In 2013, the UN General Assembly officially designated July 30 as the World Day against Trafficking in Persons to raise awareness about human trafficking and to promote and protect the rights of victims.
While human trafficking is recognized as a worldwide issue, it also hits hard at home – right here in Ontario. Ontario remains a major centre for human trafficking in Canada for both sexual exploitation and forced labour. Just recently, four Barrie residents were charged in a labour human trafficking investigation that included 43 victims.
Although human trafficking remains largely underreported, it is a crime that disproportionately affects women and girls.

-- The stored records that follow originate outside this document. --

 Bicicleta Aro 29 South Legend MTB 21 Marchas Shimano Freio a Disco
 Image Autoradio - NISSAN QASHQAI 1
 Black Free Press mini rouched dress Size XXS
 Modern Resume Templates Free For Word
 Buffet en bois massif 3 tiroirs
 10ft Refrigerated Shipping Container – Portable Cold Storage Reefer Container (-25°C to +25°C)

According to the United Nations, the vast majority of victims trafficked for sexual exploitation and 35 per cent of those trafficked for forced labour are female.
“We must work to break the cycle of violence against women and girls,” said OPSEU President Warren (Smokey) Thomas. “Human trafficking is a real threat, and it’s happening in our very own communities.
“In order to end human trafficking, we must first be willing to talk about it openly and honestly,” said Thomas. “This is a fundamental human rights issue and it warrants our attention and action.”
This year, the United Nations Office on Drugs and Crime (UNODC) is asking the global community to call their governments to action in the interest of victims of trafficking.
“As a social justice union, we must continue the fight to end violence and exploitation in all its forms,” said OPSEU First Vice-President/Treasurer Eduardo (Eddy) Almeida. “There is so much more that our governments must do, and that’s why OPSEU supports the UNODC’s 2019 call to action.”